Ethan was moved in mid-February and says that once he receives his asylum application result he wants to find a job in social work, which he majored in at university. “I really want to work and help people and contribute to society,” he tells me, although delays and poor communication from the Home Office have left him feeling “in limbo”.

All of the asylum seekers I’ve spoken to are now living in hotels whilst they await the processing of their claims.

Hashem says the hotel is “definitely better” than Napier Barracks, “but when I say hotel it doesn’t mean that it’s the best place, or it’s always suitable, because the place where I’m currently living is very dirty and there’s nothing in it – hardly any facilities and the food is really bad.”

In recent months there have been allegations of poor conditions and treatment inside hotels housing asylum seekers, including claims of sexual harassment and threatening behaviour in hotels overseen by Clearsprings.

It’s a far cry from the cushy treatment invoked by Priti Patel to justify the building of more basic, barracks-style accommodation.

Naughton from Choose Love tells me that many of the options currently used to house asylum seekers are inadequate and causing a “mental health crisis”.
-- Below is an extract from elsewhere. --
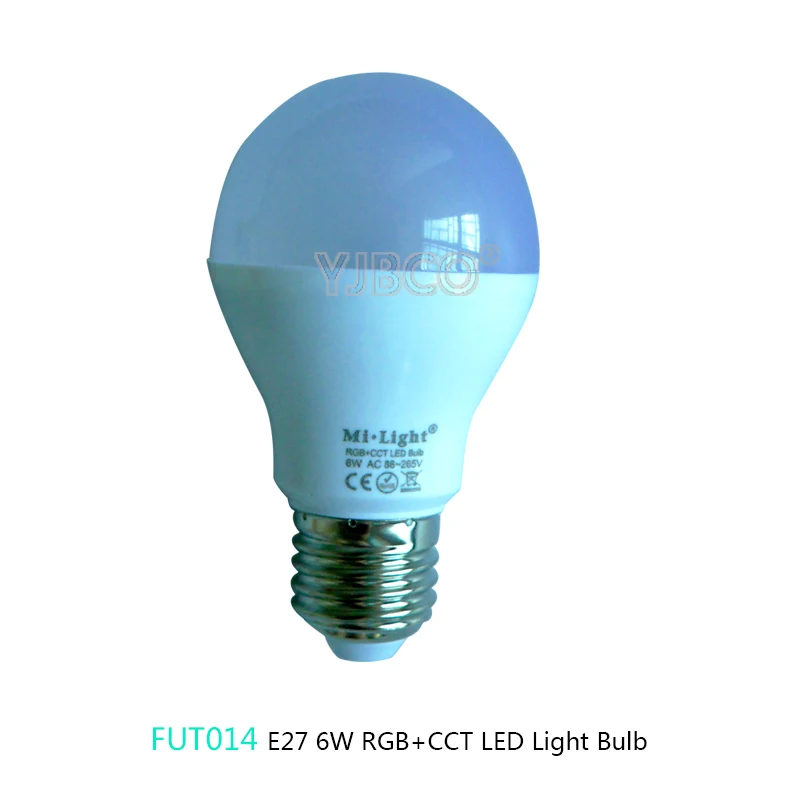 Miboxer FUT014 6 Вт E27 RGB + CCT Светодиодная лампа умная приложение Wi Fi светодиодная белая с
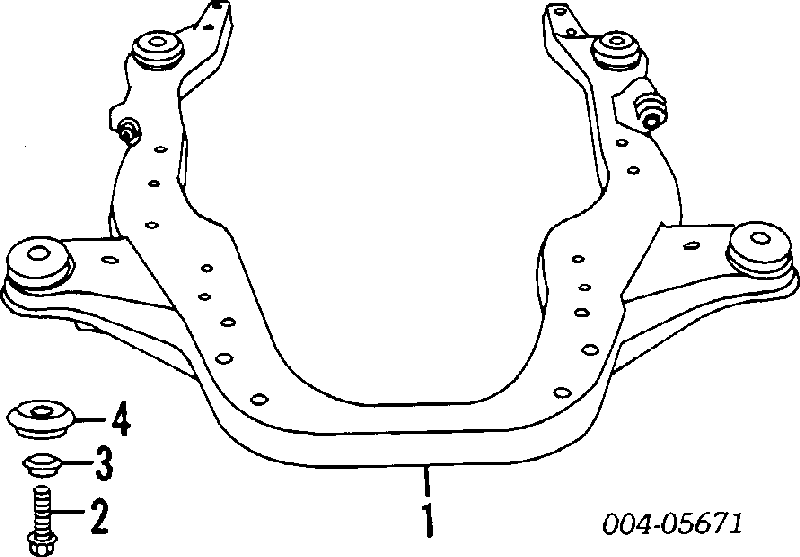 Сайлентблок (подушка) передней балки (подрамника) на Chrysler LHS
“They’re often incredibly remote. The water and sanitation is not up to standard. People don’t have access to mental health services, they haven’t got access to legal services. This is not always the case, but a lot of the time, [there is] very inadequate food and real destitution and lack of information,” says Naughton, adding that “Freedom is questionable”.

Community-based housing, not further basic “reception centres”, are the answer, she tells me.

Chai Patel, from JCWI, says that the government’s actions, particularly the use of former military barracks as asylum accommodation, seem “designed to create very visible problems…to appear to be as tough as possible, because that’s what they think their voters want. And to put people in difficult, dangerous situations, because they think that will deter people from seeking safety.”